##### Dataset records #####

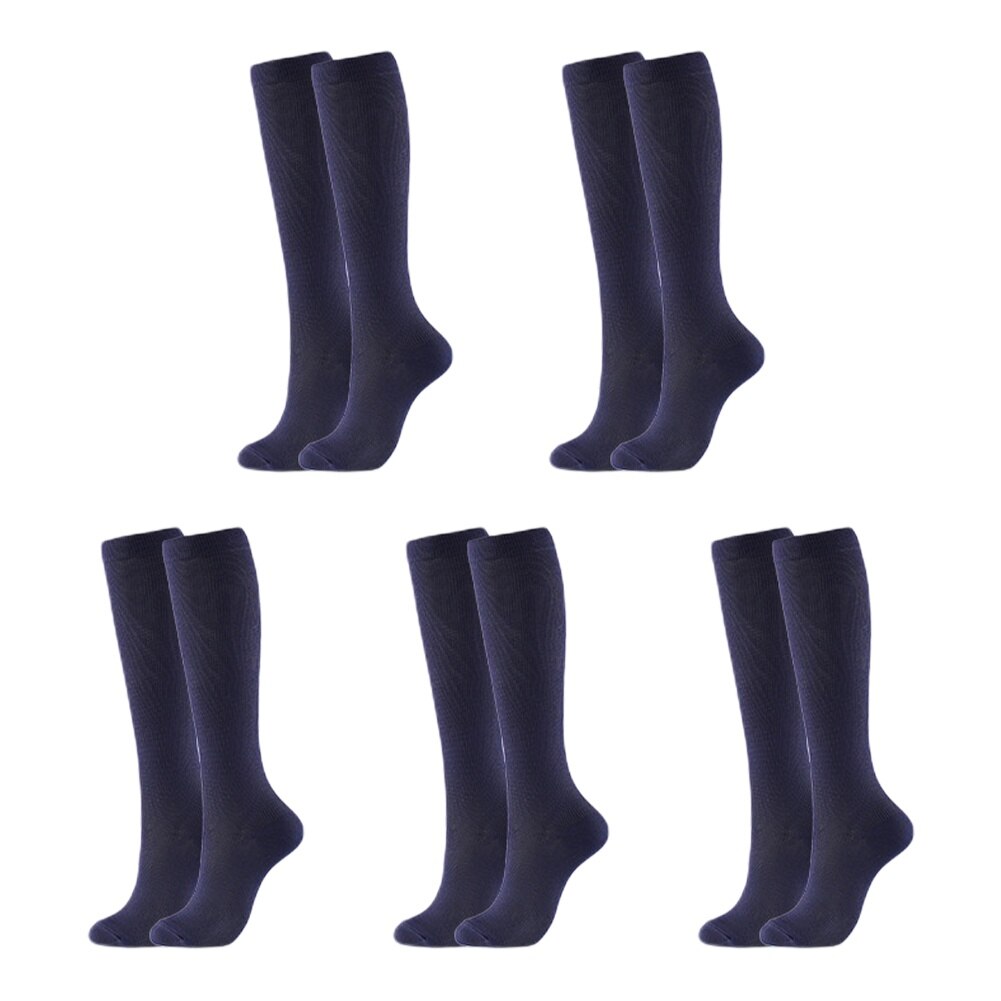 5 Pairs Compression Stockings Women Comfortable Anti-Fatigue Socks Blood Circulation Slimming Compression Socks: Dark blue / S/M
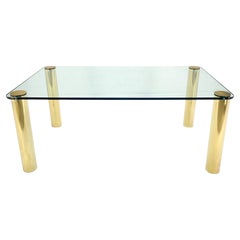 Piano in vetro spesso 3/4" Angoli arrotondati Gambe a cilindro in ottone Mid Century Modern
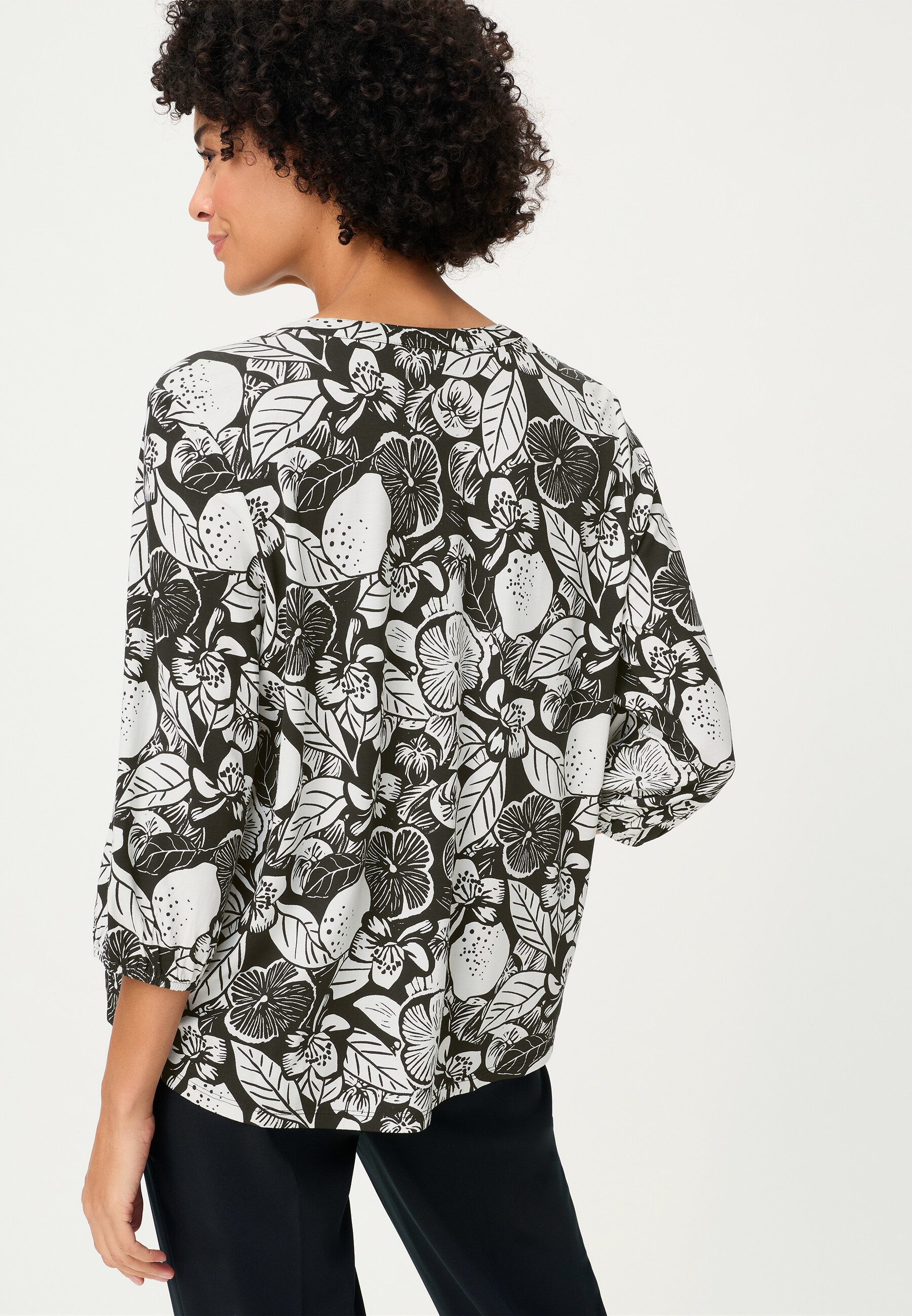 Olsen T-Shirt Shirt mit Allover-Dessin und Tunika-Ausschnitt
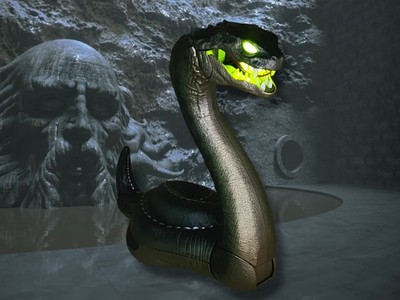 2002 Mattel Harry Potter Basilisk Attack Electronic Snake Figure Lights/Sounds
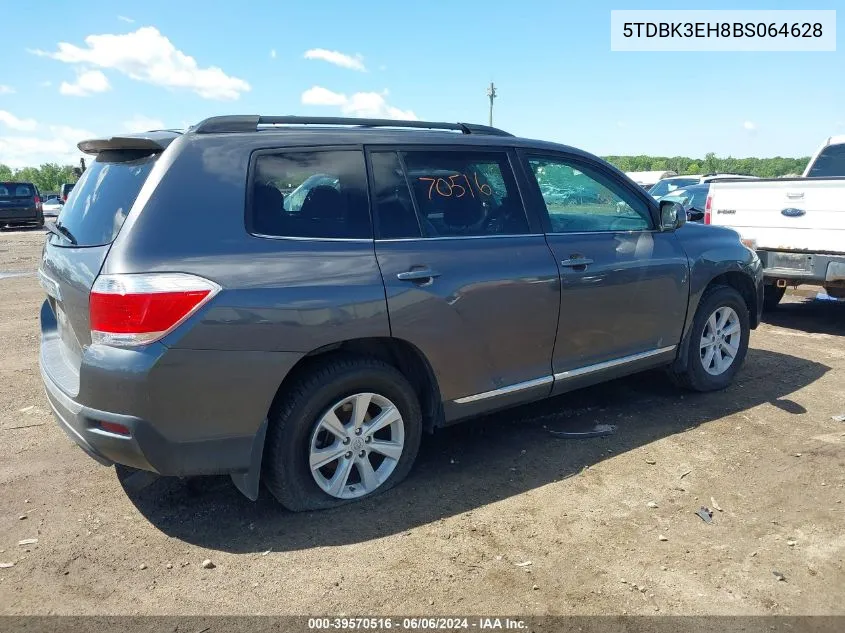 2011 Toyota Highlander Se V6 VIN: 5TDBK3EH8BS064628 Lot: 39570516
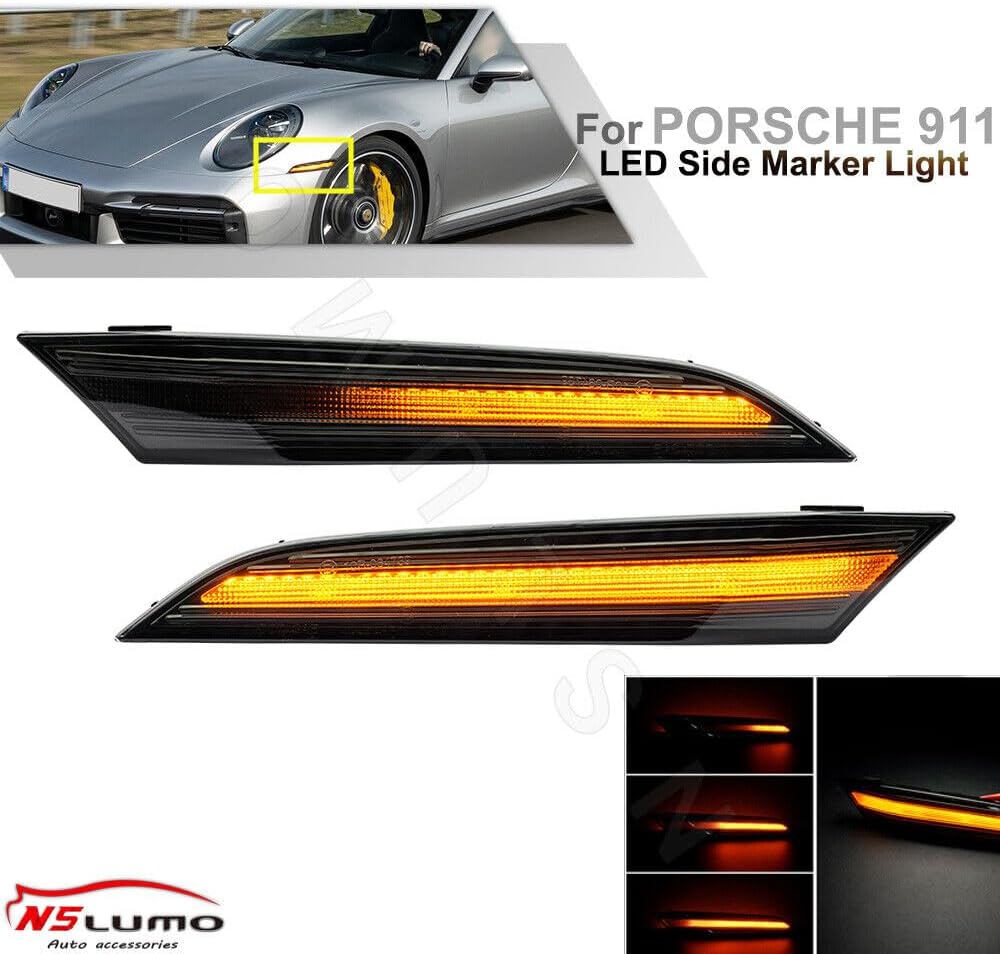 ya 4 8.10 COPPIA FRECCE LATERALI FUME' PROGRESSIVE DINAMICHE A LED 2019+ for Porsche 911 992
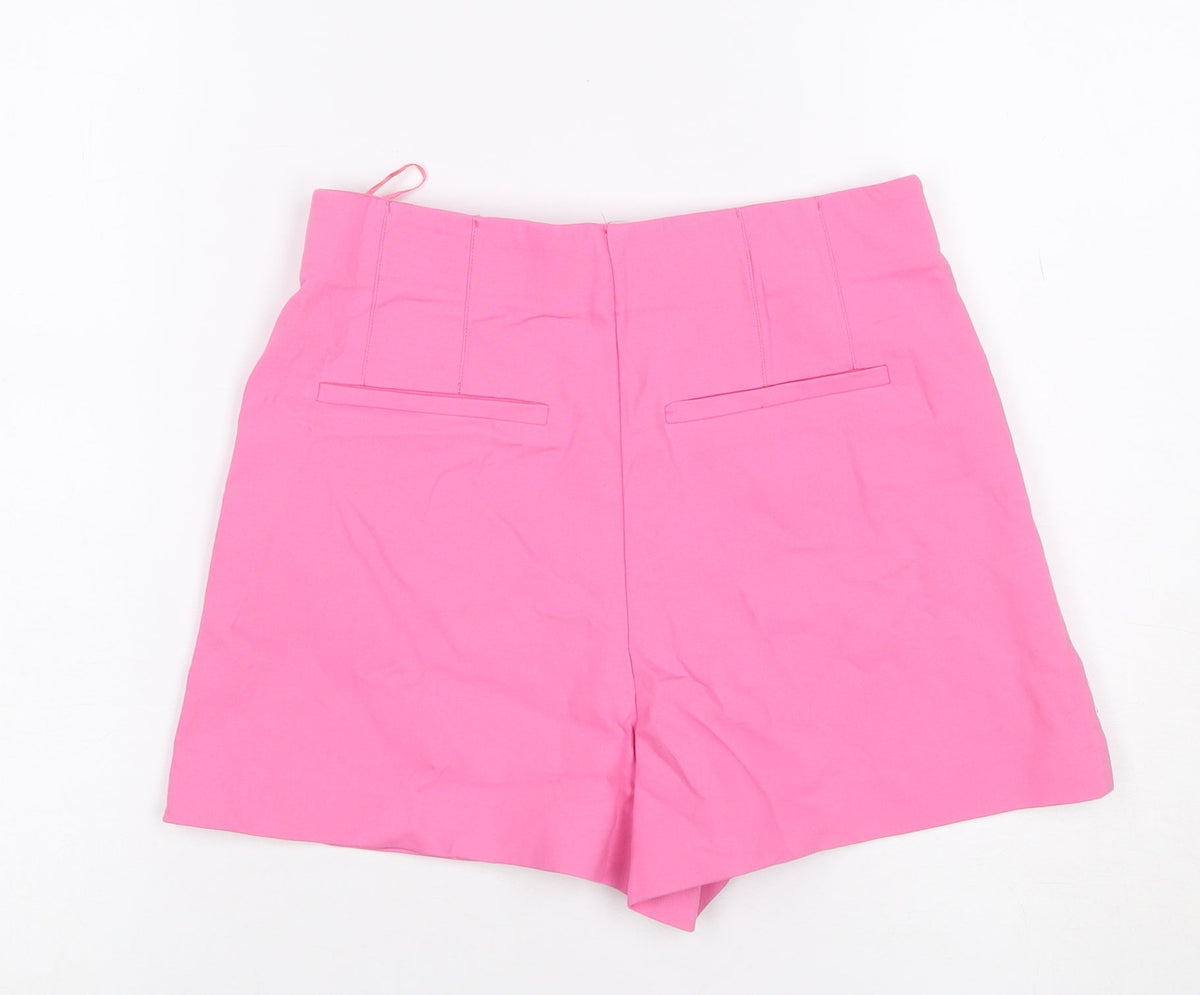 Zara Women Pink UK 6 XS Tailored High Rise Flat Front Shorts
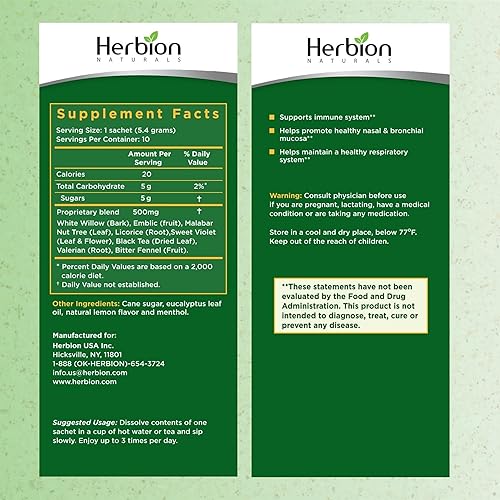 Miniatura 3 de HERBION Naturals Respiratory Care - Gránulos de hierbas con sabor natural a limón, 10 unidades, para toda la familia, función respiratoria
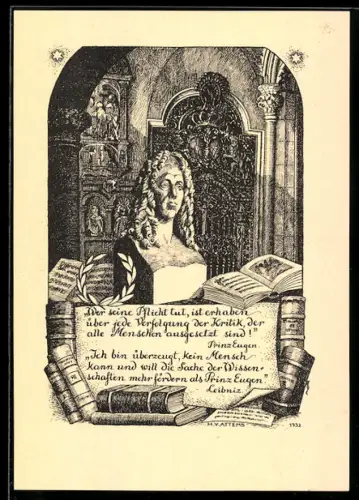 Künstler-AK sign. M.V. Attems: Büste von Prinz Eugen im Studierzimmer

#####

→ Required work
Across the whole listing above, repeat each line exactly and leave out the images.

→ Solved exercise
 5 Pairs Compression Stockings Women Comfortable Anti-Fatigue Socks Blood Circulation Slimming Compression Socks: Dark blue / S/M
 Piano in vetro spesso 3/4" Angoli arrotondati Gambe a cilindro in ottone Mid Century Modern
 Olsen T-Shirt Shirt mit Allover-Dessin und Tunika-Ausschnitt
 2002 Mattel Harry Potter Basilisk Attack Electronic Snake Figure Lights/Sounds
 2011 Toyota Highlander Se V6 VIN: 5TDBK3EH8BS064628 Lot: 39570516
 ya 4 8.10 COPPIA FRECCE LATERALI FUME' PROGRESSIVE DINAMICHE A LED 2019+ for Porsche 911 992
 Zara Women Pink UK 6 XS Tailored High Rise Flat Front Shorts
 Miniatura 3 de HERBION Naturals Respiratory Care - Gránulos de hierbas con sabor natural a limón, 10 unidades, para toda la familia, función respiratoria
 Künstler-AK sign. M.V. Attems: Büste von Prinz Eugen im Studierzimmer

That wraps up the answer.